## Exercise
Output exactly the lines from the line that has "Wrought iron paperweight" through the last line of the data below, with no pictures.

## Raw data
########

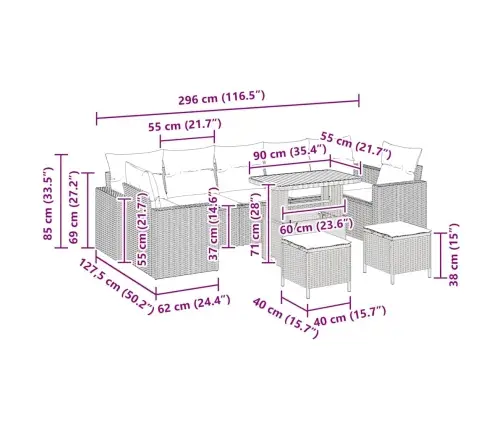 Aia Diivanikomplekt Padjaga 10 Pcs Hall 90 X 55 X 71 Cm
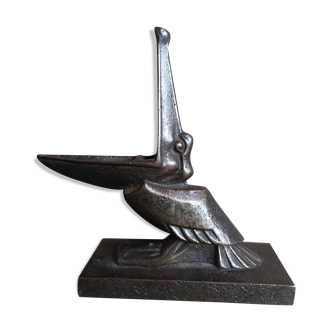 Wrought iron paperweight by E. Brandt in the shape of a pelican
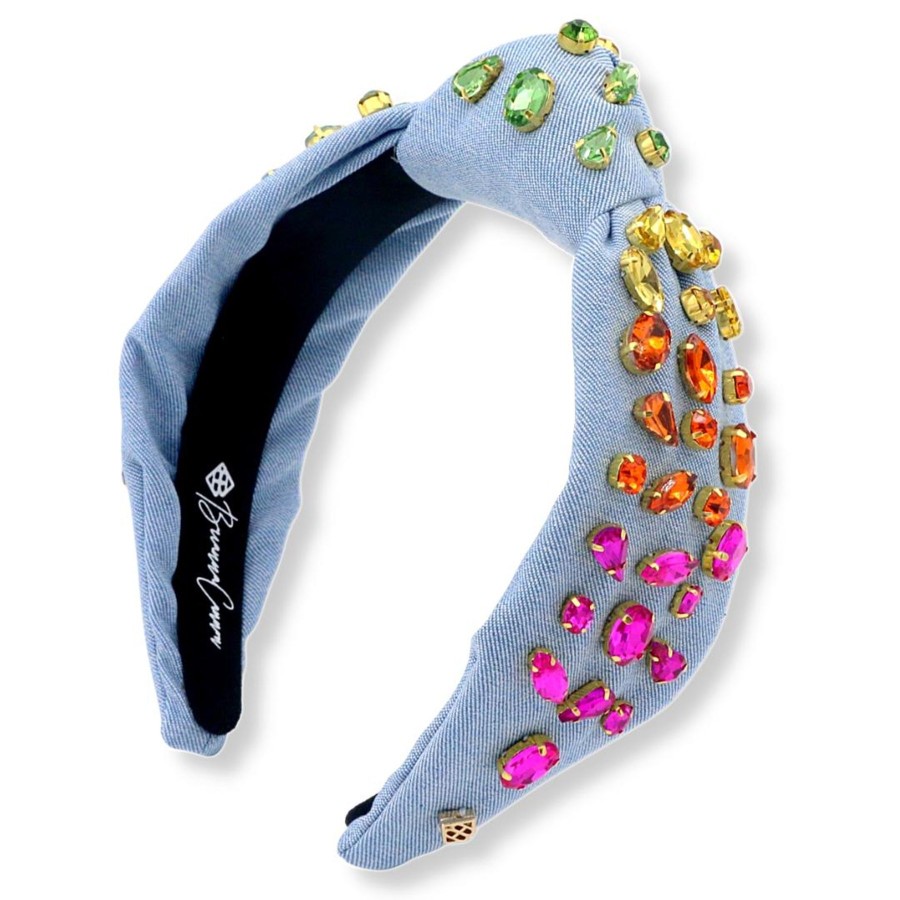 Accessories Brianna Cannon | Adult Size Denim Headband With Rainbow Gradient Hand-Sewn Crystals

########

## Solution
 Wrought iron paperweight by E. Brandt in the shape of a pelican
 Accessories Brianna Cannon | Adult Size Denim Headband With Rainbow Gradient Hand-Sewn Crystals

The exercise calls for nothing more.